▶ _About this task_
Reproduce every line that appears below, precisely and completely.

▶ _Recorded information_
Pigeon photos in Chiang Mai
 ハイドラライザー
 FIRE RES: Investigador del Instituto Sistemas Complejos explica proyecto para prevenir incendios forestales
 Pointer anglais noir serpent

▶ _Answer box_
Pigeon photos in Chiang Mai
 ハイドラライザー
 FIRE RES: Investigador del Instituto Sistemas Complejos explica proyecto para prevenir incendios forestales
 Pointer anglais noir serpent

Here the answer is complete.